The policy agenda doesn't really say anything specific about the bridge, other than it's on the commission's radar. If they're in line with the recommendations from ODOT, this would involve building a sister bridge alongside the existing bridge, along with lane expansion on both the north and south approaches.
The project would cost an estimated $2.6 billion.
Many state and local leaders, especially in Kentucky, say the federal government should foot most of the bill for the project, but so far that hasn't gotten much traction from Capitol Hill.
5. Make roads 'smarter'
If roads had an IQ, Hamilton County's roads would probably score pretty low. That's why the board made "smart" roads a priority in its policy agenda.
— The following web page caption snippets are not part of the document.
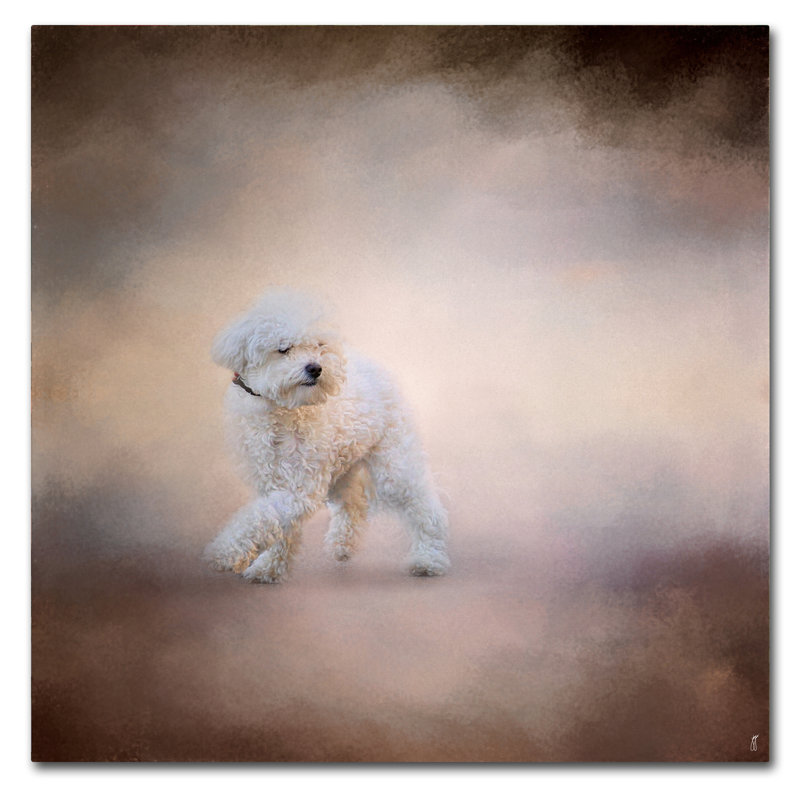 «Bichon on the Go» de Vidur, impression sur toile tendue, H 18 po x l 18 po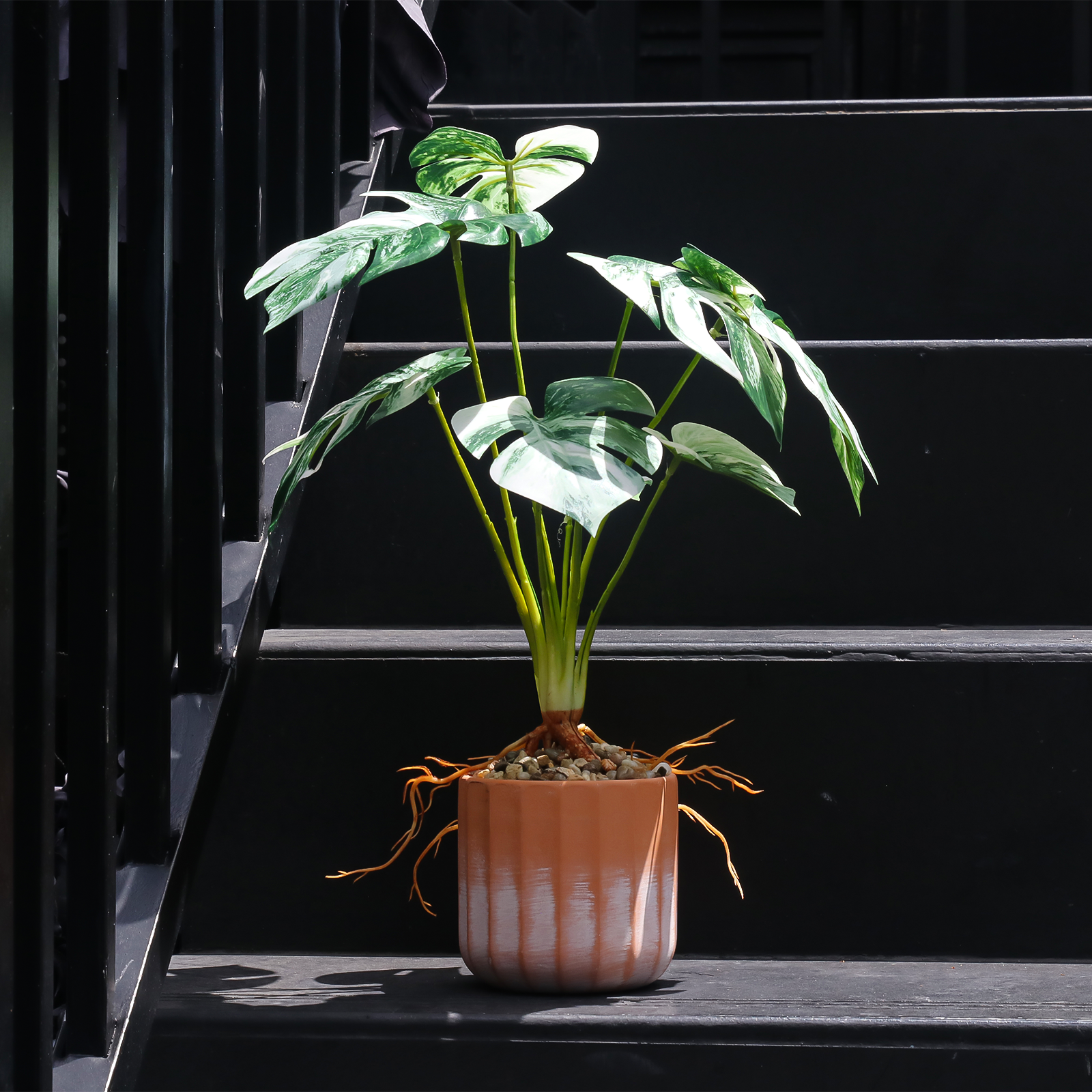 The Monstera Story: From Concept to Creation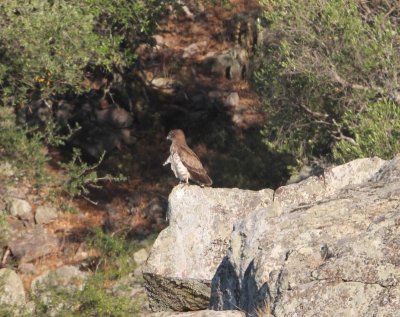 Dwergarend  - Booted eagle - Hieraaetus pennatus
"It's about using technology to make our roads allow for more efficient travel and maintenance," Portune said.
A smart road approach could be anything from using recycled materials during construction, paving with permeable materials to help water absorption and reduce flooding or electrically wired roads that could charge an electric car's battery while it waits at a red light.
Then, of course, there's potential to put WiFi on the roads.
"We've obtained funding from various sources that actually require we spend those dollars on smart road projects," Portune said.
Moving in this direction could boost the region's attractiveness to businesses and young professionals: "As we lead the nation in doing those things, that will bring in all the industry that will come with electric-powered vehicles, shipping and the manufacturing of the products.
6. Fort Washington Way/Riverfront Transit Center
This major artery is the primary connector between Interstates 71 and 75 along the riverfront, but about 20 years ago it became clear that it could no longer accommodate the number of vehicles it was carrying each day. It was also Ohio's most crash-prone mile of urban interstate highway.
Originally constructed in the 1950s, the freeway was revamped in the late 1990s as the preliminary stage of a vision of the riverfront that would eventually become The Banks.
Late in the redesign process, city engineers decided to fortify the structures to accommodate decking between the bridges that span over the freeway. The decks would eventually hold green spaces connecting what would become The Banks to Downtown.
Built alongside the new Fort Washington Way was the Riverfront Transit Center, which sits under the National Underground Railroad Freedom Center. Originally intended as an intermodal transit center, today it primarily serves as a parking lot, both for The Banks and stadium parking as well as school bus parking for Freedom Center field trips.
Long term vs. short term
Portune emphasized that this is not a list of projects that are necessarily funded or approved by the Board of Commissioners.
"It's all about laying it out for the public to see and beginning the process of public education," he said.
For Monzel, though, the policy agenda -- being a list of recommendations for next year's budget -- the priorities need to be tighter, leaner.
"I like to think of it in terms of a 'say-do' ratio," he said. "If you're going to say something, you should do it. We're saying we're doing a lot, but how much will actually get done.
"We need to focus on core county services, what people are already paying their taxes for."
On this point, Portune doesn't totally disagree: "We can't do it to the exclusion of all the other things we have to do. It can't be done alone or in isolation."